Information given:
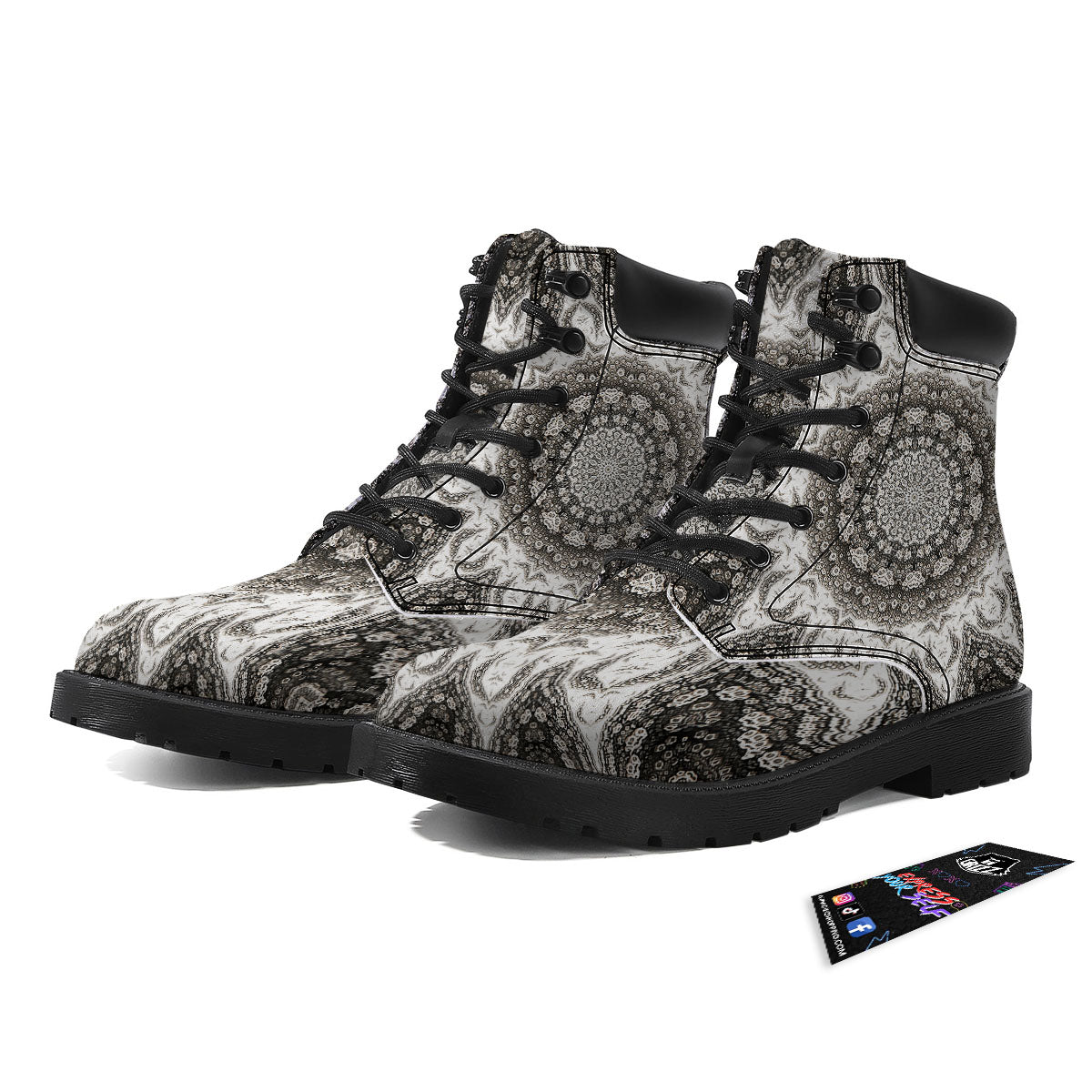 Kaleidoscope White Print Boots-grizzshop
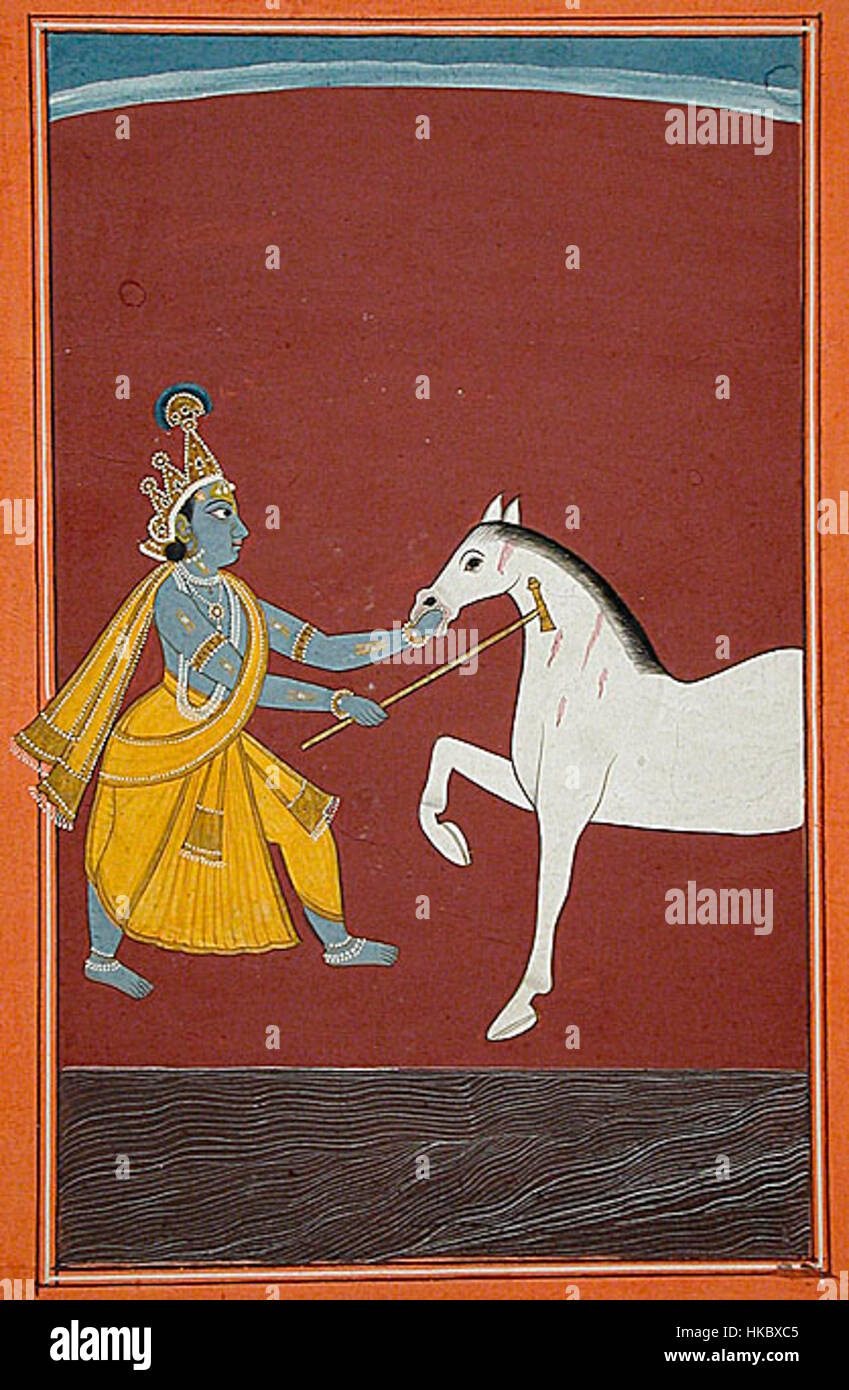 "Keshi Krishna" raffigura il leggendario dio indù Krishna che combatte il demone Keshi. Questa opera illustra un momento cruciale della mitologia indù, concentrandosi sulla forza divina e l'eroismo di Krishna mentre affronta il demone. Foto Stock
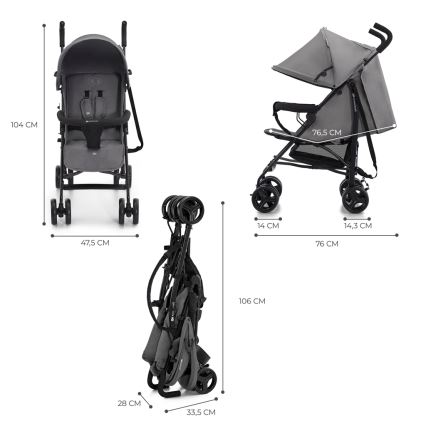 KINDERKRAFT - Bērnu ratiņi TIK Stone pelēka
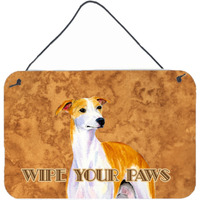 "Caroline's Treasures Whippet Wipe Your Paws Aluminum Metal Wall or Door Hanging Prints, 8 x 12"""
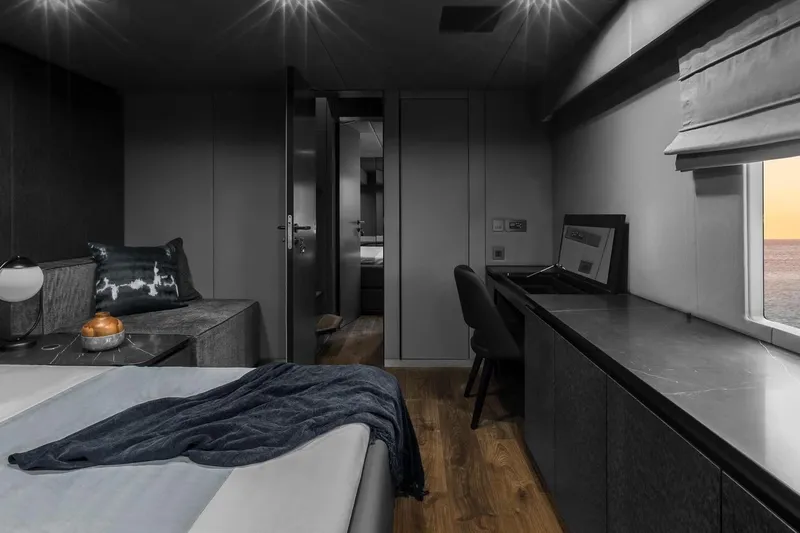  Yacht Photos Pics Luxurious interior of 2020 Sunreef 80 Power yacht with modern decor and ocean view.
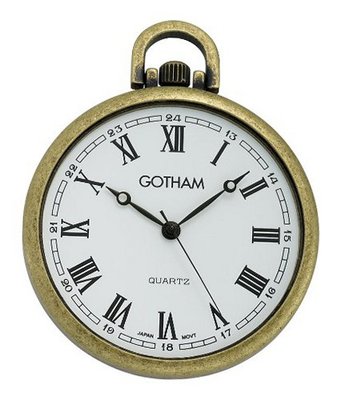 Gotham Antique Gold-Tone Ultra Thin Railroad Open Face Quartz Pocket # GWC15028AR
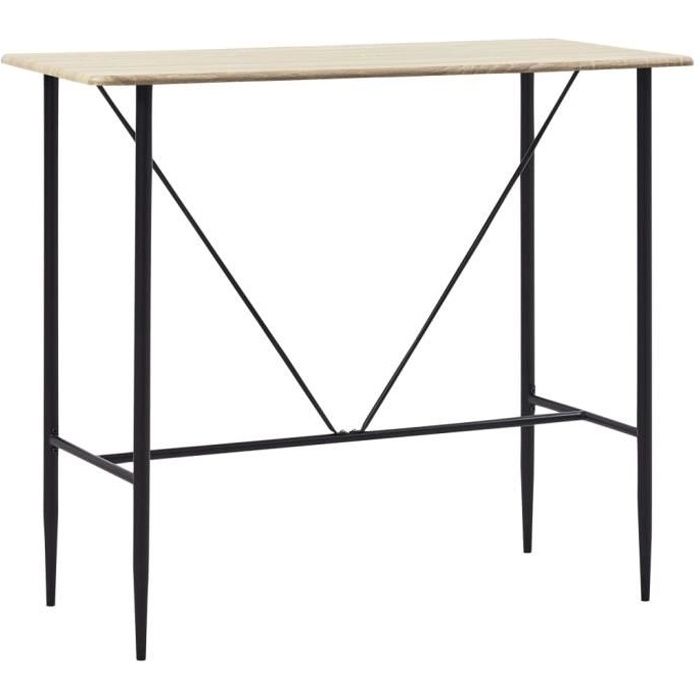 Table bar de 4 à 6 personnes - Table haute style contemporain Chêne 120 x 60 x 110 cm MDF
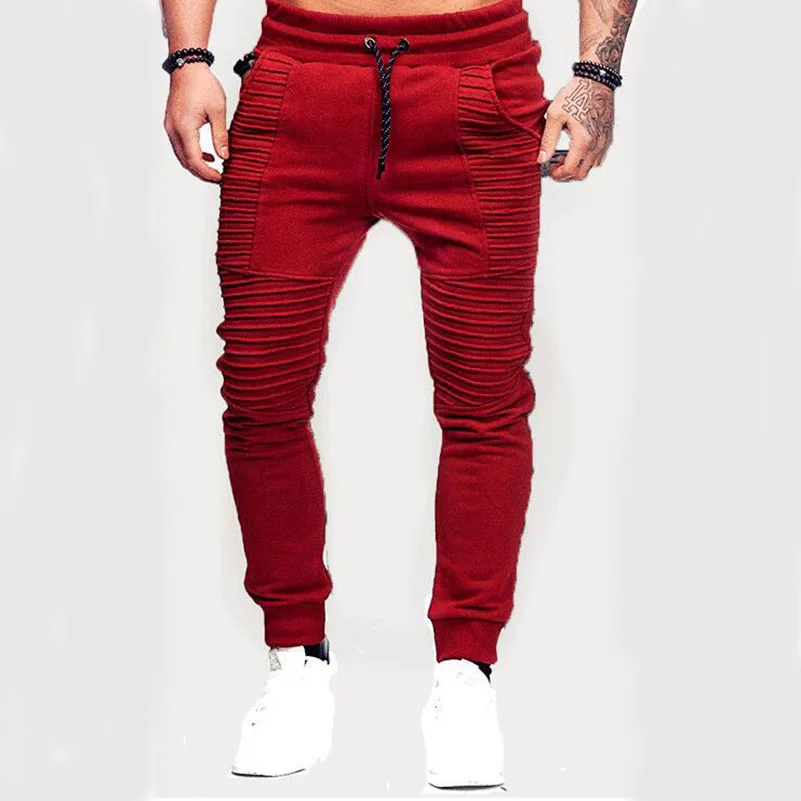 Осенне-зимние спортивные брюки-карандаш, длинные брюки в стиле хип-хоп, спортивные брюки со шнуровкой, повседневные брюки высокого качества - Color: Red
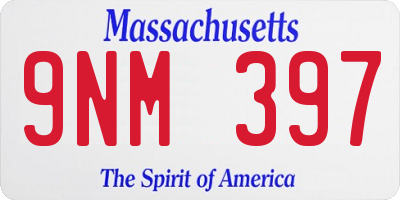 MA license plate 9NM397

Work order: Beginning with the first line of the records and ending with the line that contains "KINDERKRAFT - Bērnu ratiņi TIK Stone pelēka", reproduce every line exactly, omitting pictures and adding nothing.

Output:
 Kaleidoscope White Print Boots-grizzshop
 "Keshi Krishna" raffigura il leggendario dio indù Krishna che combatte il demone Keshi. Questa opera illustra un momento cruciale della mitologia indù, concentrandosi sulla forza divina e l'eroismo di Krishna mentre affronta il demone. Foto Stock
 KINDERKRAFT - Bērnu ratiņi TIK Stone pelēka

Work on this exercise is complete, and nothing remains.